In other news, I've been clicking around on ECCO (Eighteenth Century Collections Online), at first looking for particular essays by Francis Bacon, then just to see what I could see. I came across a number of fun things.
- A Francis Bacon essay on travel (not what I was looking for, but fun nonetheless), in which he wrote, "Travel in the younger sort is a part of education; in the elder a part of experience. He that travelleth into a country, before he hath some entrance into the language, goeth to school, and not to travel."
- The Artist's Repository and Drawing Magazine exhibiting the Principles of the Polite Arts in their various Branches, which has essays on perspective and the use of various elements in painting (or drawing) and includes a bunch of example drawings. Most charmingly, at the end of the book is a sheet of instructions "To the Binder" describing where the illustrations are to be inserted into the text.
- The Philosophical History and Memoirs of the Royal Academy of Sciences at Paris, which has a number of fascinating articles, including: "Of a bottle of water kept for a great many years," "Of a storm of hail of an extraordinary size," "Of the effect of vinegar on some stones," "Of a puppy, which had only one eye in the middle of his face," "A description of the heart of a sea-tortoise."
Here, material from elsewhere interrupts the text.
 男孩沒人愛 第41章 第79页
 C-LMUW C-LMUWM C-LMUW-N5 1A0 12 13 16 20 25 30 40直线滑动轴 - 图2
In reading these accounts, it's easy to feel superior and condescending to their interest in seemingly insignificant things, but then I realize this was in 1742, relatively early in the age of science and these (in many cases) amateur scientists were laying the groundwork for everything we know now, starting more or less from scratch. Then I feel a bit humble. For all their quaintness, these essays were right at the beginning.